If your bite fits (and maybe even if it doesn't), you may have trouble finding another surgeon in Australia to revise your surgery.  "Go back to your surgeon" is the standard answer.  Directing you to plastic surgeons after your surgery is also the norm.  IOTW, standard procedure in Australia is:

* Withhold information (detailed surgical plans, even cephs) - a good patient is an ignorant one.  Say something in passing about potential permanent numbness (it'll certainly be in the consent form), but certainly say nothing about potential aesthetic downsides. "Anything I'll do is an improvement" is implied.

* Make the bite fit with the simplest laziest surgery possible - no down grafting ("it's unstable!", although some will do down grafting for short face syndromes), certainly no CCW rotation with posterior down grafting.
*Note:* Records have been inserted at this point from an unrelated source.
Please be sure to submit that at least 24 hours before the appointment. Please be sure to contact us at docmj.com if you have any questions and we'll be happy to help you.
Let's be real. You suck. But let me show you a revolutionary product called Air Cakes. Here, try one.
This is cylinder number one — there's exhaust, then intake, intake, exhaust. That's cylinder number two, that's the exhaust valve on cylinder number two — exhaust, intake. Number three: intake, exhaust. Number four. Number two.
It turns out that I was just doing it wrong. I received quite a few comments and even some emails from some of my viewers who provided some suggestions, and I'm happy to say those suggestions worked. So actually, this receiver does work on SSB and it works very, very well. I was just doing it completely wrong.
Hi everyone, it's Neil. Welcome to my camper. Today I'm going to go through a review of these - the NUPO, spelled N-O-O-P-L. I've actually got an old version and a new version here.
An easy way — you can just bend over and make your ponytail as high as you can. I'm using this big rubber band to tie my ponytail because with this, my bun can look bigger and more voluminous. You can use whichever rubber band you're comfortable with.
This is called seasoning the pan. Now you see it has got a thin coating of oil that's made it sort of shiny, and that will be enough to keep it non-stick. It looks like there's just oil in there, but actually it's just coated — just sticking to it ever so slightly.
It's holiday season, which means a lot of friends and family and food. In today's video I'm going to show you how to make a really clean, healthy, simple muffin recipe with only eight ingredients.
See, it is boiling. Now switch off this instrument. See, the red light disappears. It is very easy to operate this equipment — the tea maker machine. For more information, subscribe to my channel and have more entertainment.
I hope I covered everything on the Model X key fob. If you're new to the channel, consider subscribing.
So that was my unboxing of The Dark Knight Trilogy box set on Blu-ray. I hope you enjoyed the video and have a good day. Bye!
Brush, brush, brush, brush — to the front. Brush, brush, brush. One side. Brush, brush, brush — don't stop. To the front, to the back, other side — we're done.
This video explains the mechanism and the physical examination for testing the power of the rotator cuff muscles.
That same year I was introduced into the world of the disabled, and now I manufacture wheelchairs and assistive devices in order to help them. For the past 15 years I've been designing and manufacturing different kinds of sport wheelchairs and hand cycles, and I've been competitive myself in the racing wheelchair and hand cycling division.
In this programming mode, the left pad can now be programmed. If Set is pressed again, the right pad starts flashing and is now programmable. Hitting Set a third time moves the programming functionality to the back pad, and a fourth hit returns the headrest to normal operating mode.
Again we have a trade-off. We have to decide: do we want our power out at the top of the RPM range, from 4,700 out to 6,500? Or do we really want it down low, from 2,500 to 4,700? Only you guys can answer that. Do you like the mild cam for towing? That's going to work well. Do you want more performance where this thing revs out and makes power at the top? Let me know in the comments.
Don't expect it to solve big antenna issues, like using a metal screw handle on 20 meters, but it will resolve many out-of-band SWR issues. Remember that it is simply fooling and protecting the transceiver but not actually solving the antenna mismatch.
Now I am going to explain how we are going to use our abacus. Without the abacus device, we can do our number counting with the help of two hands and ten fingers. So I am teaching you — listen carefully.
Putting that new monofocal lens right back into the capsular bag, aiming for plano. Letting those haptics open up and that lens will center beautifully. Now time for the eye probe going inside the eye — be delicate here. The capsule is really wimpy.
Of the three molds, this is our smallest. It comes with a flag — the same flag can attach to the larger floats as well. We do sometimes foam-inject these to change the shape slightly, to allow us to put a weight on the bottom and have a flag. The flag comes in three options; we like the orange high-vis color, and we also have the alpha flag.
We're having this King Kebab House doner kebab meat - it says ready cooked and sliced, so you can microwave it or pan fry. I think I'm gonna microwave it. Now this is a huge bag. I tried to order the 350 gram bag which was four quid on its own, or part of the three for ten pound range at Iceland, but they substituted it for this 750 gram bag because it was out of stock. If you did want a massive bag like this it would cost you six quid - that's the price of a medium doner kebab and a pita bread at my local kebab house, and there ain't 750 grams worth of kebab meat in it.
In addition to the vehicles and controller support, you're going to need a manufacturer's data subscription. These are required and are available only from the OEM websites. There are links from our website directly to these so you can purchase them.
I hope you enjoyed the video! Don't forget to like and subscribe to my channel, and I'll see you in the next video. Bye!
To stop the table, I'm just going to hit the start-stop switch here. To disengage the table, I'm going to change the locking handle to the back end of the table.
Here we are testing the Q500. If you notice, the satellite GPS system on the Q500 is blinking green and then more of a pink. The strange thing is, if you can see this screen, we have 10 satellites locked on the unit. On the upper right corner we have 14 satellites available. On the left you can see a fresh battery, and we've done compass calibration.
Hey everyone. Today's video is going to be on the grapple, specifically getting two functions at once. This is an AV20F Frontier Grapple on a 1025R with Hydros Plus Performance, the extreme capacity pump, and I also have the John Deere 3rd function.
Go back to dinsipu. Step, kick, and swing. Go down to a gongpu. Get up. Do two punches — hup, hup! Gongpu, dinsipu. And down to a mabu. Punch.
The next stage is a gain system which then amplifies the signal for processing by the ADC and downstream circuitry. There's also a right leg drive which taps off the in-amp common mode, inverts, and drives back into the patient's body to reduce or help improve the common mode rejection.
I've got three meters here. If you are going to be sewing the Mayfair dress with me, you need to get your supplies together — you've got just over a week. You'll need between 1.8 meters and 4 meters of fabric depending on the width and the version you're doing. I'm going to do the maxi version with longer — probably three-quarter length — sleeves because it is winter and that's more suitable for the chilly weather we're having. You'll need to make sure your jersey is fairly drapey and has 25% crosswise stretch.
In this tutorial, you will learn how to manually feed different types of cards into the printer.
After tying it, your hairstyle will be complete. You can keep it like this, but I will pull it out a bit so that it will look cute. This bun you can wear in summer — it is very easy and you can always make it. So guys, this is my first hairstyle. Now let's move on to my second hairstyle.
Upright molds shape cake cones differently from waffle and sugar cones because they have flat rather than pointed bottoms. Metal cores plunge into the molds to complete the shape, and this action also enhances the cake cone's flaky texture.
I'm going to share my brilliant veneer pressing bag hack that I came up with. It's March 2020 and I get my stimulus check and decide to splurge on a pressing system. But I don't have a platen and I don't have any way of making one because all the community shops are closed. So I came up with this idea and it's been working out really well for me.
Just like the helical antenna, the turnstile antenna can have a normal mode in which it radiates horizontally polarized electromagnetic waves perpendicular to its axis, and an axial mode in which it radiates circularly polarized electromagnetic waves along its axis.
I have not seen your pre-op ceph, but I suspect you probably should have had less anterior impaction and some posterior down grafting to affect the same amount of CCW... But when all you have is a hammer impaction in your toolbox, you tend to overuse it.  Steep occlusal planes are hard to make look good (even more so when there is no gummy smile, so there is nothing to impact).  AFAIK, no surgeon in Australia will do CCW with posterior down grafting.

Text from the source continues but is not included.